Des policiers visés par des tirs de mortier à Grigny, dans l’Essone. Ça s’est passé dimanche aux alentours de 13h30: lors d'un contrôle routier, un conducteur a refusé de coopérer. Il a ensuite pris la fuite en abandonnant sa voiture où des stupéfiants ont été trouvés. Lors de sa poursuite, la patrouille de police a été la cible de tirs de feux d'artifice de type mortier. Un des policiers a été blessé. En réponse aux tirs, les policiers ont ouvert le feu au moins huit fois pour se dégager, sans faire de blessé. Un énième incident qui excède les riverains.

Des policiers à Grigny après une fusillade mortelle en 2017. (Photo par Thomas Samson / AFP)

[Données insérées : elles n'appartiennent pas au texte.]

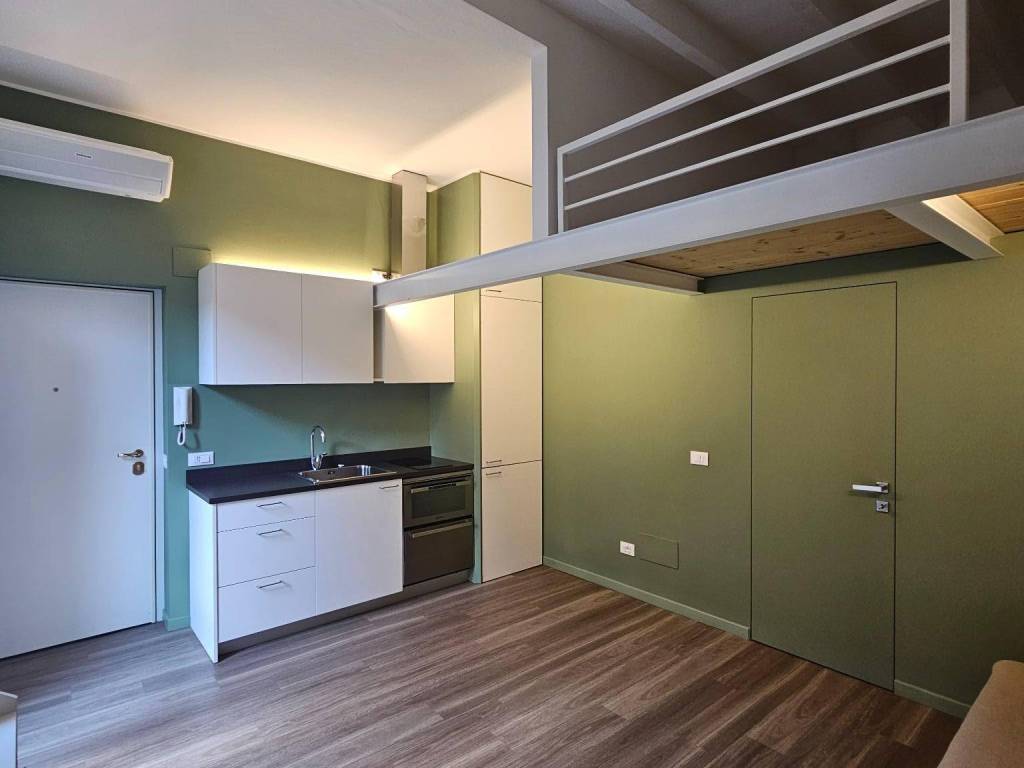 appartamento in affitto a Milano in zona Isola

Reportage Sud Radio de Clément Bargain.

 

Depuis son balcon, Selua a vu la patrouille de policiers attaquée, visée par des jets de cailloux et des tirs de mortiers: "On a vu la police derrière une voiture, puis on a entendu des 'boum'. On a l'habitude... La nuit, on entend souvent ça !"
Des nuits agitées, rythmées par la délinquance… Pour Selua, c’est le quotidien: "ça arrive souvent. Ils brûlent les voitures. Des fois, on sa gare un peu loin mais on retrouve notre voiture cassée ou brûlée".
Certains habitants ne supportent plus l’insécurité. Blexie vit dans une des tours de la cité. Il y a deux mois, elle a été agressée en pleine après-midi: "Il m'a volé mon sac, mon portable, mes clés, mon portefeuille... 'Boum" dans les yeux, 'donnez moi votre sac !'. Et ça, c'est pas à minuit !"

 

Ascenseurs en panne

Les riverains se sentent seuls, pas assez soutenus par les pouvoirs publics. Jean-Claude à Grigny depuis plus de 40 ans, a vu le quartier se dégrader: "Il n'y a plus d'employés pour le nettoyer. Dans les immeubles, les ascenseurs sont en panne depuis un an... y'a de l'abandon"

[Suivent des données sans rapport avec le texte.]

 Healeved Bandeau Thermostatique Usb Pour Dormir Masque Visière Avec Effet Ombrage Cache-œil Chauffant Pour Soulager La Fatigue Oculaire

Ce sentiment d’abandon, Michel et Alexis le partagent: "Il faut de la médiation entre la police, le quartier, les communes. Il faut du contact, de la discussion. Je crois que y'a que ça qui marche".

Mais du côté des forces de l’ordre, les syndicats dénoncent un manque d’effectif. En un an, une centaine de fonctionnaires ont quitté l’Essonne, pour seulement une vingtaine d'arrivées.